JANUARY: Building on last semester’s momentum, we continued our campus-wide outreach by hosting our monthly happy hour at Two Boots and scheduling several meetings with STEM and Humanities departments.
SEPTEMBER: After talking with many graduate workers about the move from Buttrick to the Library, we have heard several recurring concerns: 1. no clear, universal printing policy as promised; 2. no designated graduate lounge space as promised; 3. heavy undergraduate traffic in our work areas. With GWU’s support, the Carrels Committee has reconvened to take a workspace survey and write a briefing to Dean Geer’s office about the effects of the move on graduate work.

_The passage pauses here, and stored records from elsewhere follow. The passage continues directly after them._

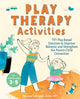 Play Therapy Activities, 101 Play-Based Exercises to Improve Behavior and Strengthen the Parent-Child Connection 9781647391263 Melissa LaVigne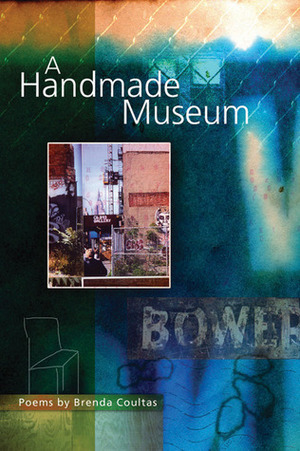 A Handmade Museum by Brenda Coultas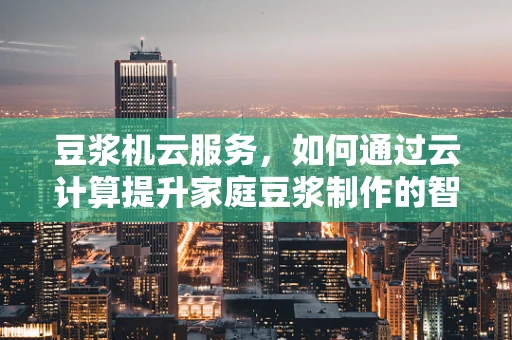 豆浆机云服务，如何通过云计算提升家庭豆浆制作的智能化与效率？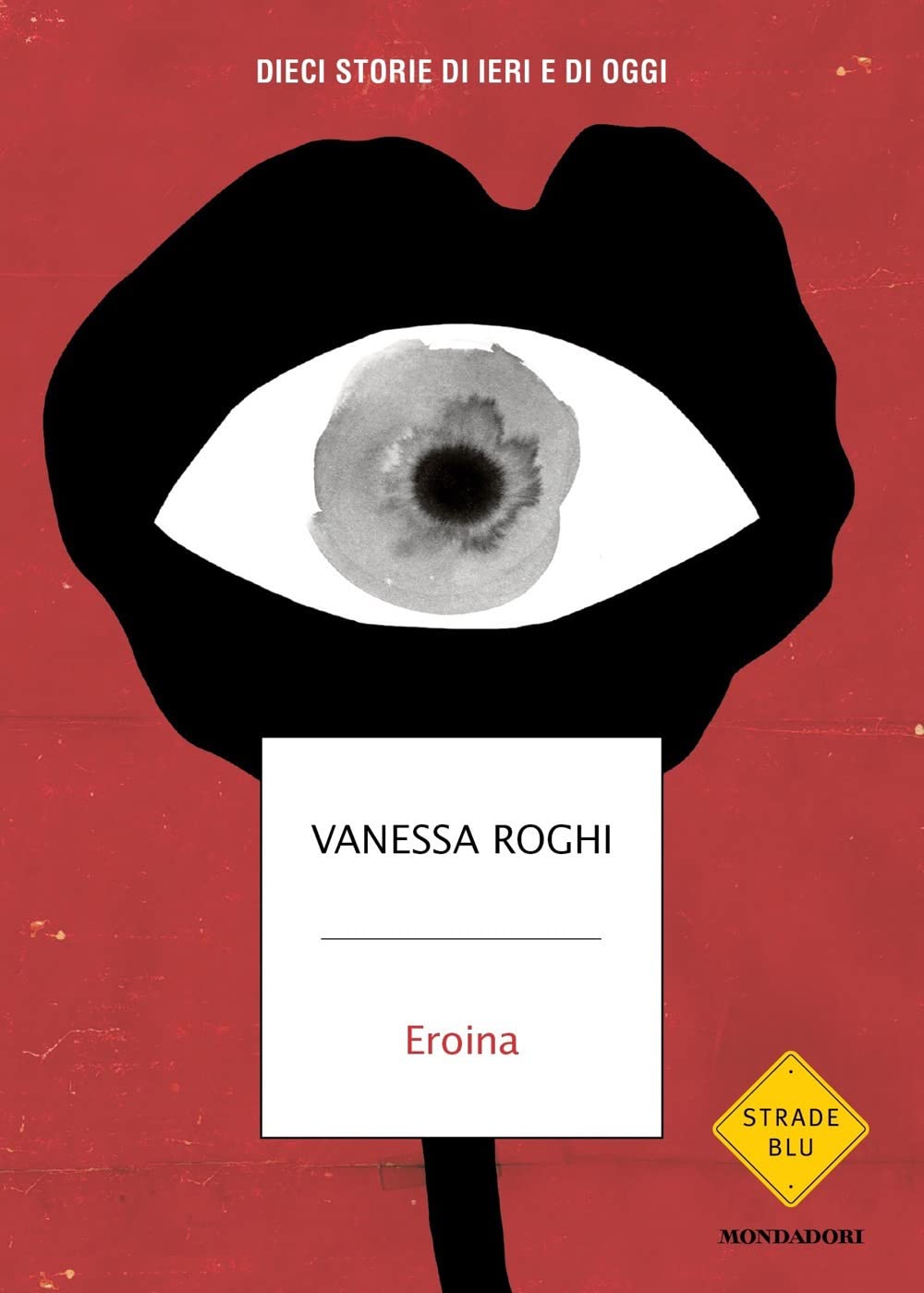 Eroina. Dieci storie di ieri e di oggi (Strade blu. Non Fiction) Books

OCTOBER: In addition to launching our new web site, we have begun a new information-sharing campaign aimed at department graduate student associations, professional organizations, and social organizations. We are recommencing our broad unionization education campaign for two main reasons: first, the politics surrounding labor issues has changed significantly since we began organizing in 2016; second, graduate unionization has entered a new phase nationally, with some private-university unions having already won elections and sitting down at the bargaining table with their employers.

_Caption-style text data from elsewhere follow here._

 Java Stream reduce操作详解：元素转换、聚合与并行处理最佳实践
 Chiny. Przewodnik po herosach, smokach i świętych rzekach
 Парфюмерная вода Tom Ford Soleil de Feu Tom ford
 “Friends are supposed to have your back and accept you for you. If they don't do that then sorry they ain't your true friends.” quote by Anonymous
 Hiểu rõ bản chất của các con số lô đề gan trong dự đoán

OCTOBER: An article in Inside Higher Education mentions the Mental Health Bill of Rights & Responsibilities.
DECEMBER: Two GWU organizers publish a 3000-word feature in Times Higher Education, a London-based higher-ed news site with an international readership, on unionization and the graduate school mental health crisis.

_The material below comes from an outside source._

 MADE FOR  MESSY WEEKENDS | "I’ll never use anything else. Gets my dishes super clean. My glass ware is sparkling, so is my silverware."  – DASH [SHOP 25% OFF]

DECEMBER: On a meeting with the deans of A&S and the Graduate School and the library director on December 17, the Carrels Committee, originally organized by GWU, secured the promised Graduate Student Lounge on the 6th floor of Central Library. That is now a card-access-only room where graduate students can gather for breaks, meetings, and work. Universal printing for all 10 A&S programs affected by the workspace move was also secured. (If you still do not have access to free, work-related printing in Central Library OR your home department, you should contact Dean David Wright’s office directly to remedy the issue).
LESSONS LEARNED: At semester’s end, we have taken our outreach drive to the Graduate Student Council General Body Meeting, Community Research & Action, History, International Students Association, English, German, Sociology, Civil & Environmental Engineering, Biological Sciences, and more. We also held our first Spanish-language meeting to talk about international student concerns about unionization, hosted two labor film screenings, and scheduled several future departmental meetings for spring semester. Dedicated outreach with consistent, compelling message is helping us build real momentum in this campaign. We reached hundreds of new people this semester and plan to do the same come spring!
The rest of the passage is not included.